ASSIGNED TASK: Below are entries. Give back exactly the lines from the one containing "JYSK Ręcznik SVANVIK oferta" through the one containing "Aliyah - Gestreiftes Maxikleid", inclusive, without the pictures.

DATA FOR THIS EXERCISE:
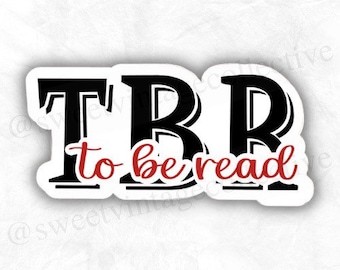 読むべき本、TBR、ステッカー、作家、ロマンス、読者、本のギフト、ファンタジー本、Bookish Sticker、読者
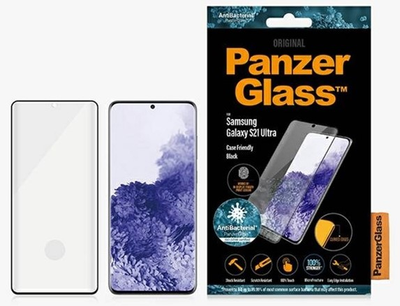 Захисне скло Panzer Glass E2E Microfracture для Samsung Galaxy S21 Ultra SM-G998 антибактеріальне
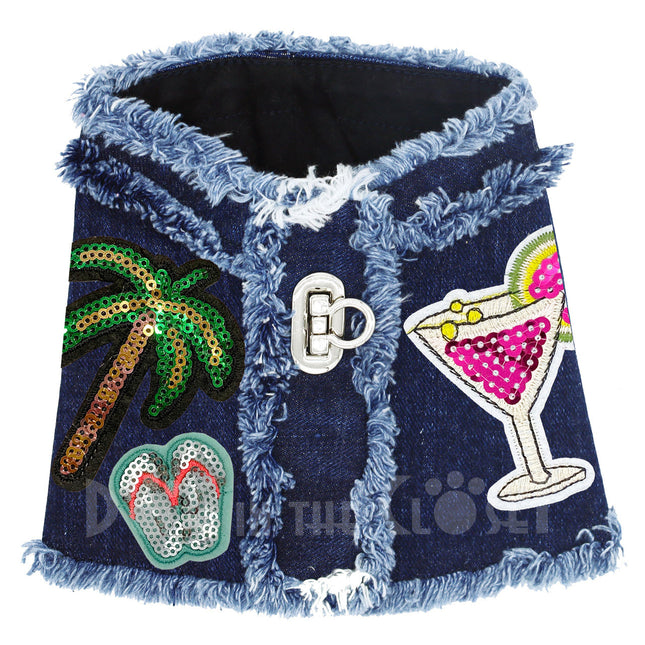 Summer Vacation Denim Harness Vest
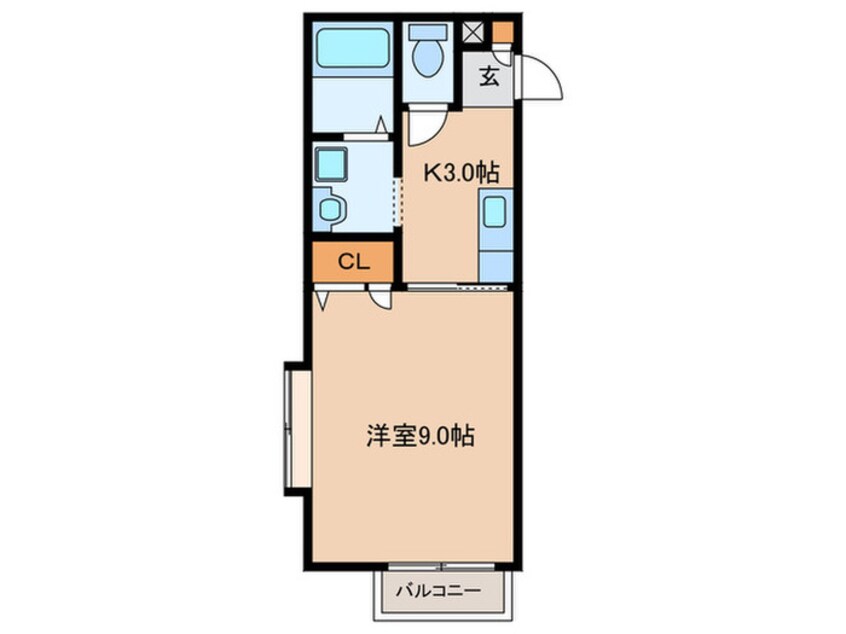 間取図 等々力コ－ト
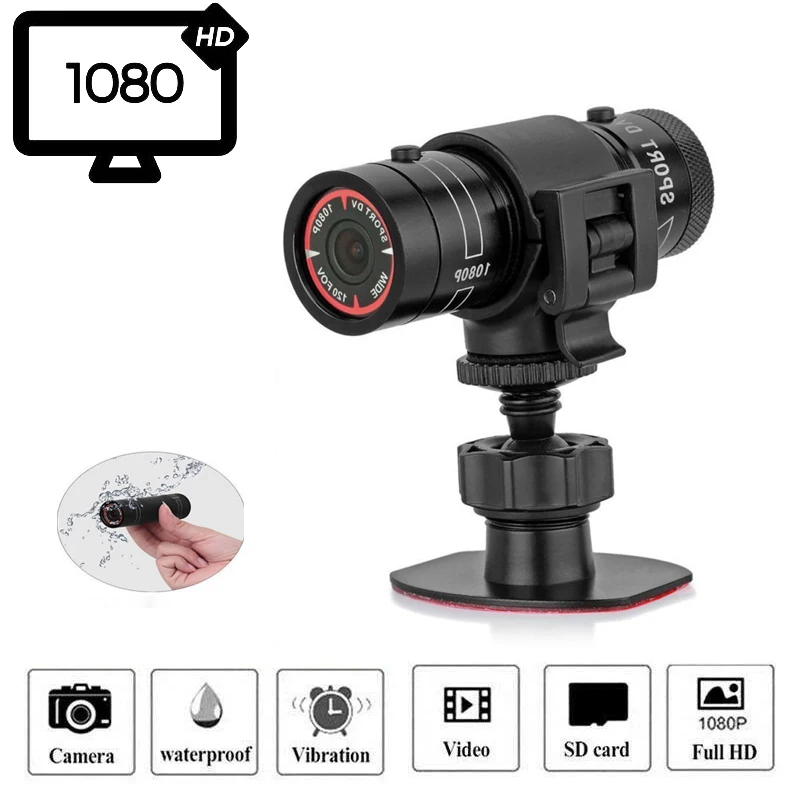 F9 камера Full HD 1080P Спортивная камера для горного велосипеда мотоцикла шлема видео DV видеокамера Автомобильный видеорегистратор 
F9 камера Full HD 1080P Спортивная камера для горного велосипеда мотоцикла шлема видео DV видеокамера Автомобильный видеорегистратор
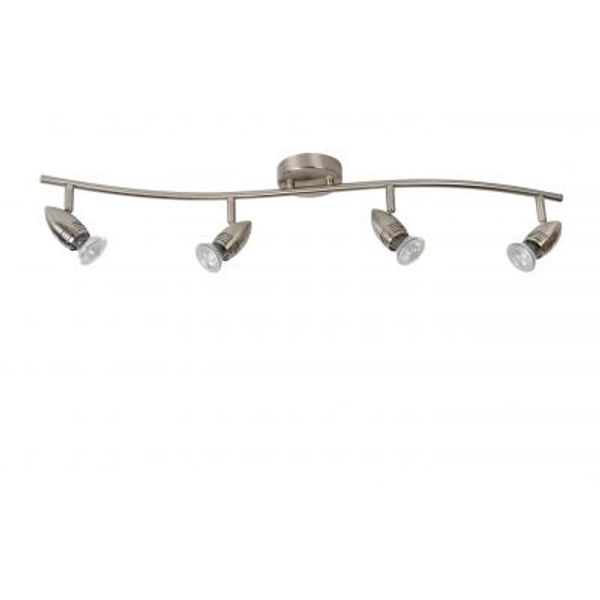 Lucide CARO-LED - Plafondspot - LED - GU10 - 4x5W 2700K - Mat chroom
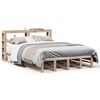 vidaXL Cama sem colch&atilde;o 160x200 cm madeira de pinho maci&ccedil;a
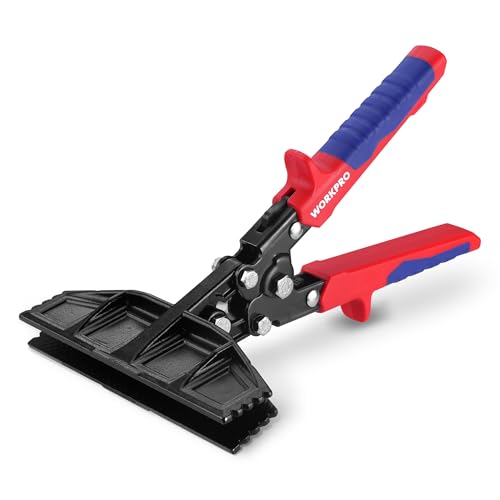 WORKPRO Hand Seamer Tool 6-Inch Sheet Metal Bender Heavy-Duty Steel Sheet Metal Brake Pliers for Bending Seaming Flattening with Ergonomic Handle and Smooth Jaw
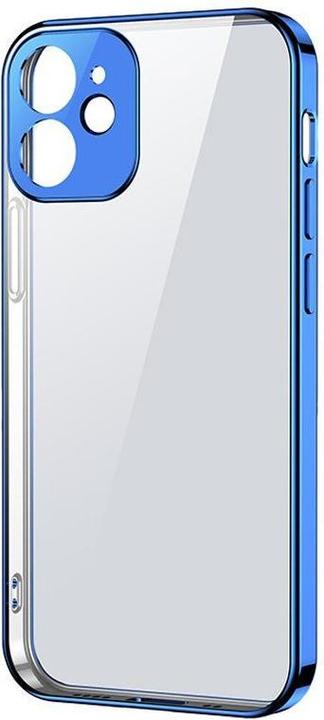 Produktbild Joyroom New Beauty Series ultra thin case with electroplated frame for iPhone 12 mini dark-blue (JR- (Apple iPhone 12 mini)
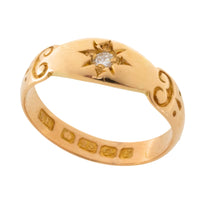 22 carat ring from Birmingham 1905-The Antique Ring Shop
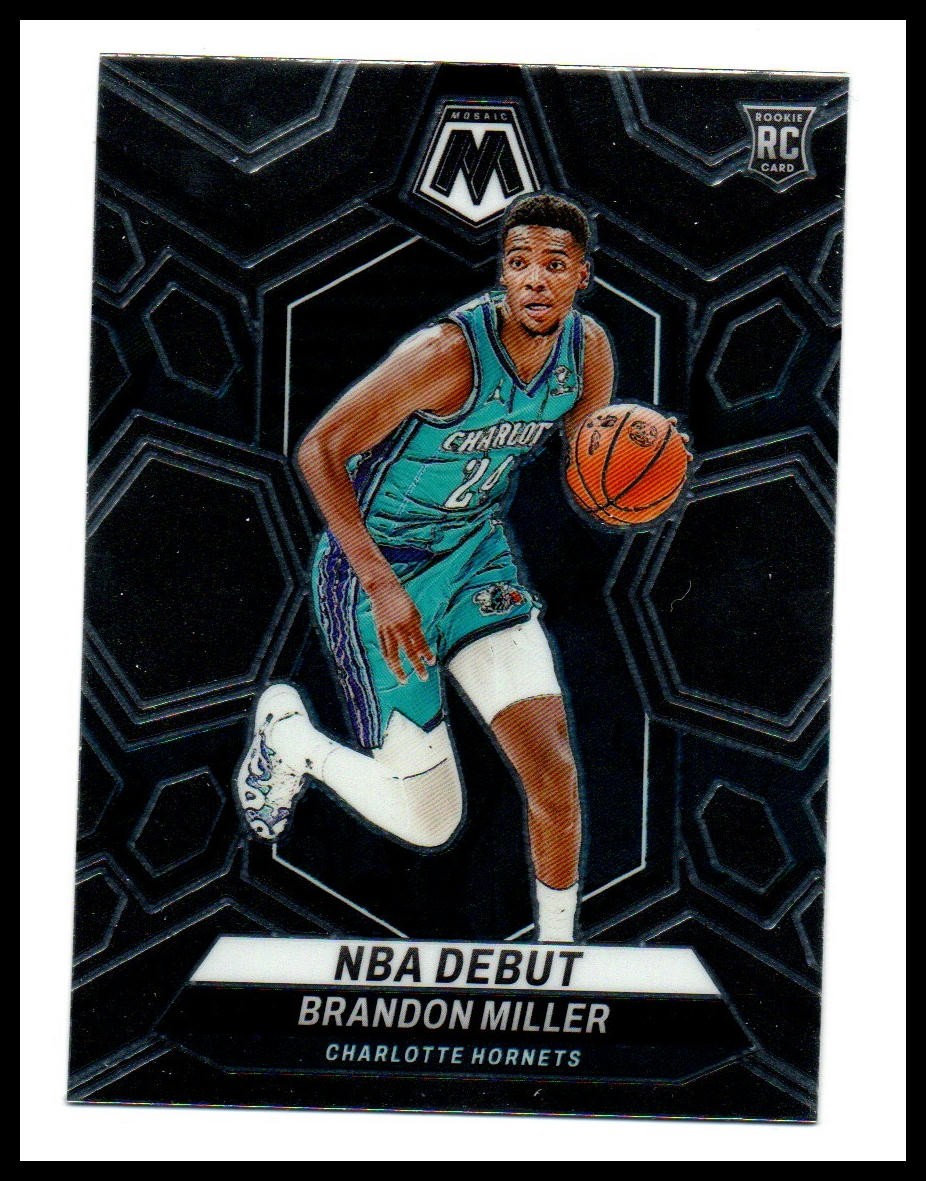 2023-24 Panini Mosaic #252 Brandon Miller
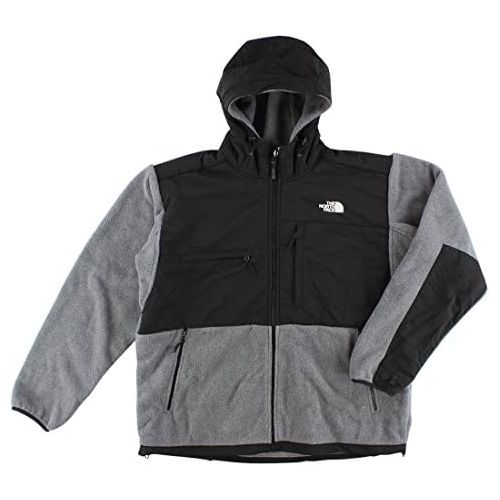 노스페이스 The North Face North Face Mens Denali Hoodie Fleece Standard Fit Jacket X-Large-Grey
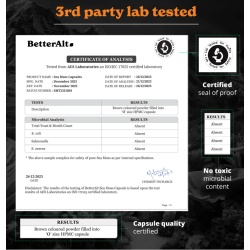 Better Alt Shilajit Sea Moss, Formula De Shilajit Cu Alge Marine, Ashwagandha Si Tongkat Ali, 120 Cps - Img 9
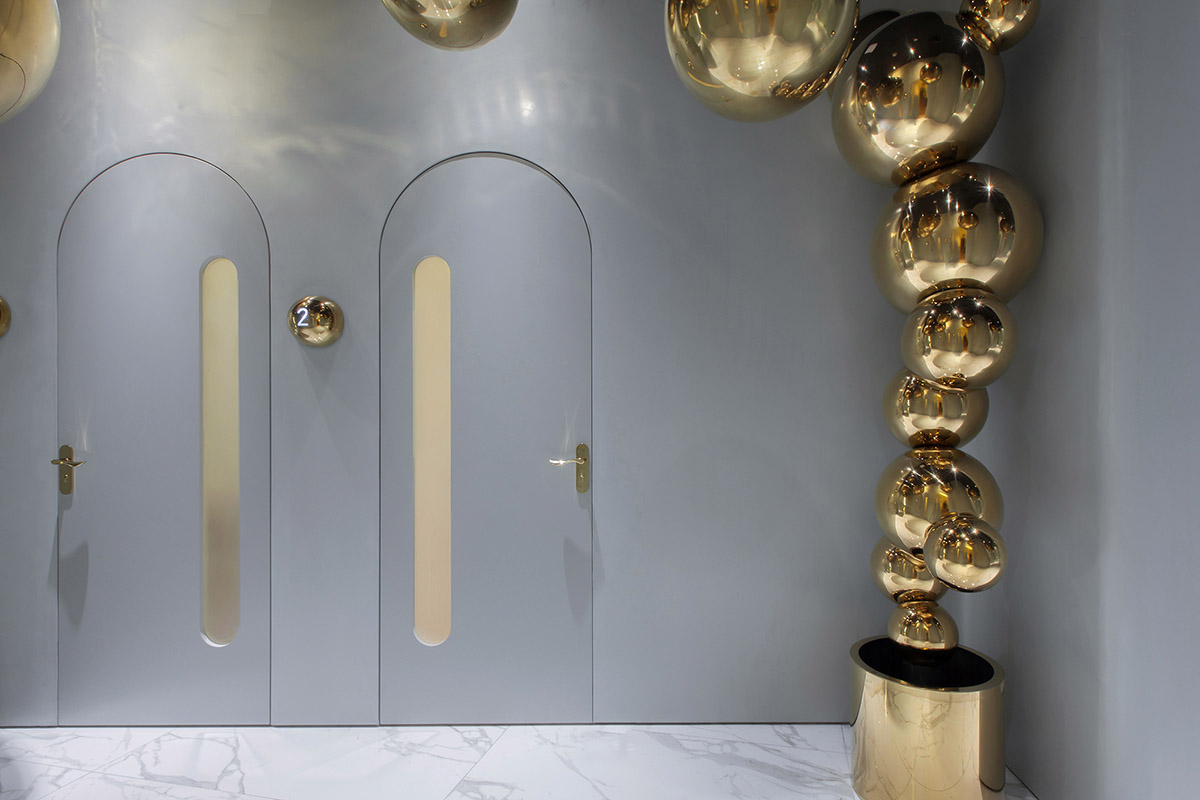 Towodesign creates a fantasy bubble trip inside a beauty salon in Shanghai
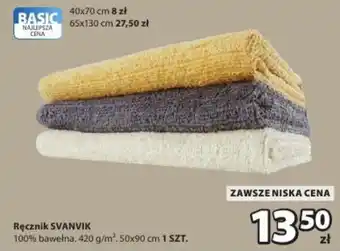 JYSK Ręcznik SVANVIK oferta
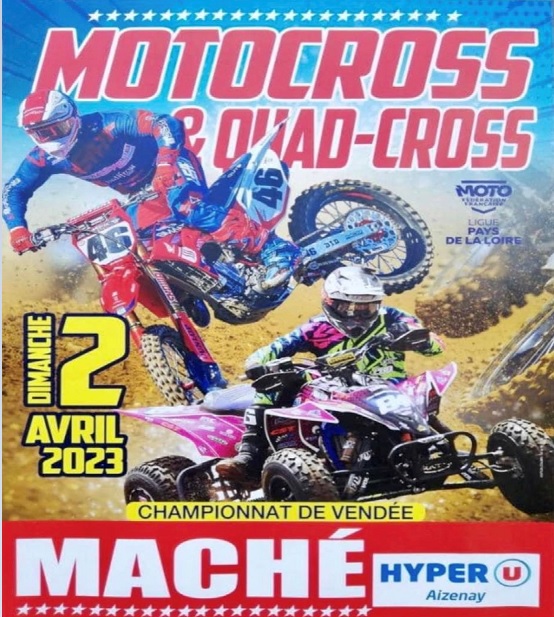 Info Motocross - épreuve Maché (85) 2 avril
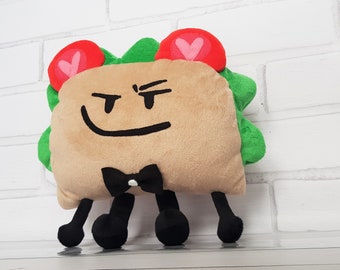 Custom plush toy Just like Taco Inanimate Insanity   inspired by , 30cm , made to order, commission plushie
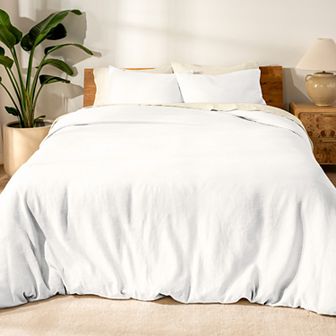 Bare Home Linen Duvet Cover Set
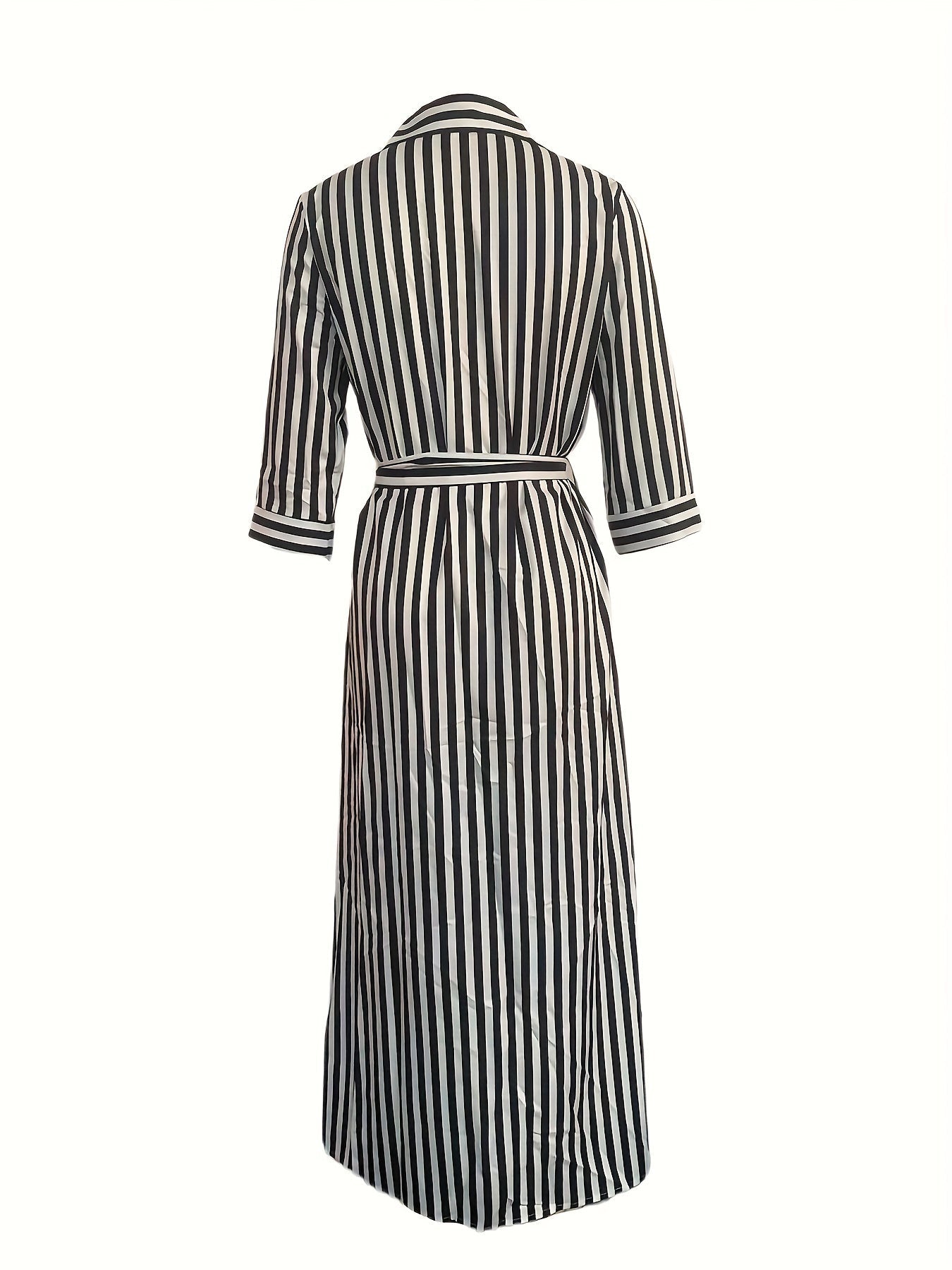 Aliyah - Gestreiftes Maxikleid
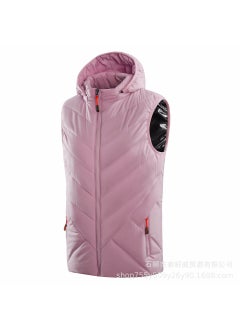 اشتري Winter Couples Heating Vest Hat-off Electric Heating Vest Intelligent Temperature Control Heating Vest Heating Clothes Jacket Women's pink في الامارات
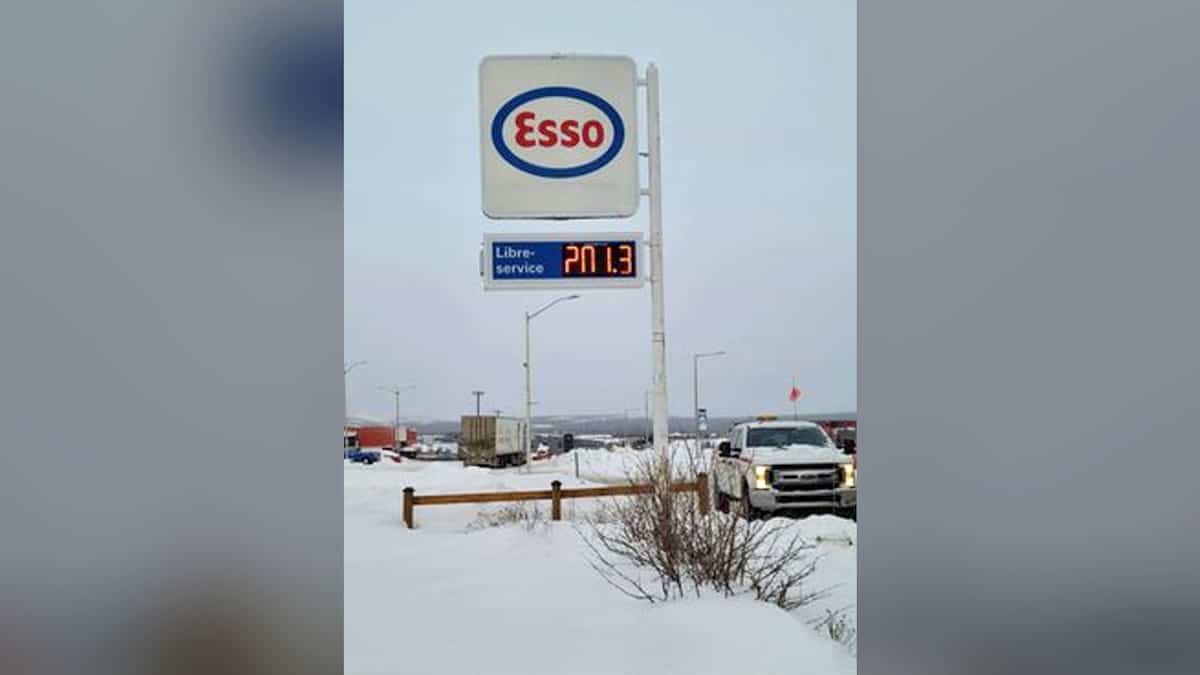 L’essence à plus de 2$ le litre à Fermont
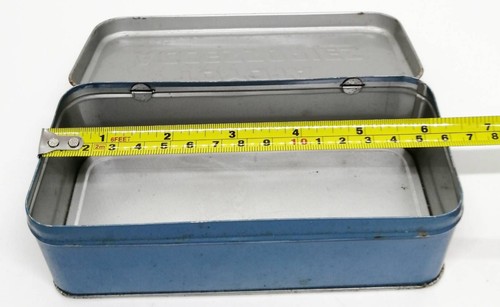 TOYOTA ACCESSORIES CASE Metal Retro Empty Can Antique Vintage Tool Box - Picture 11 of 11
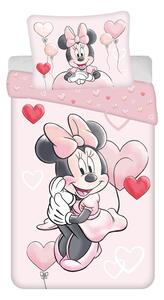 Ružičasta pamučna dječja posteljina za krevet za jednu osobu 140x200 cm Minnie "Balloon" – Jerry Fabrics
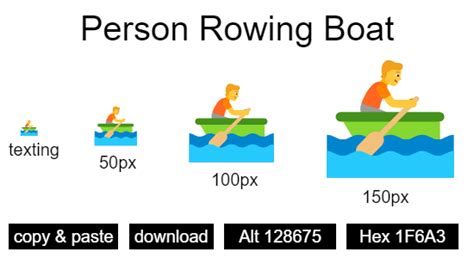 Person Rowing Boat Emoji And Codes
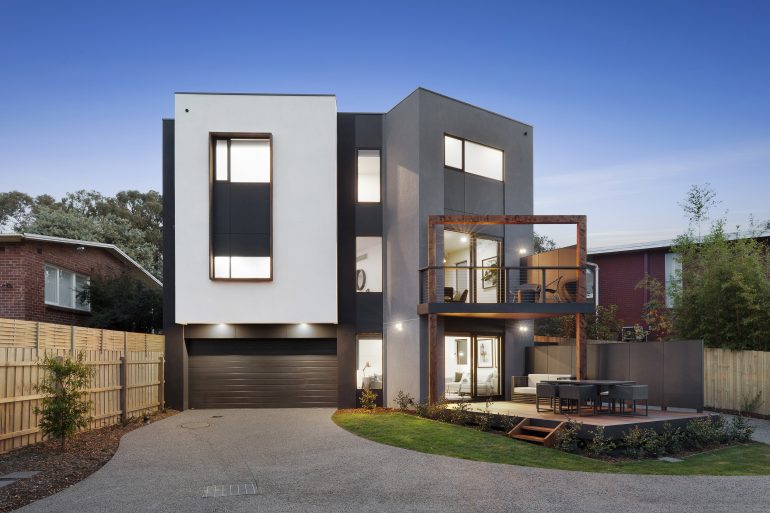 The showpiece home at Nunawading, standing proud and packed with enlightened design choices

TASK RESPONSE:
 JYSK Ręcznik SVANVIK oferta
 Info Motocross - épreuve Maché (85) 2 avril
 Custom plush toy Just like Taco Inanimate Insanity   inspired by , 30cm , made to order, commission plushie
 Bare Home Linen Duvet Cover Set
 Aliyah - Gestreiftes Maxikleid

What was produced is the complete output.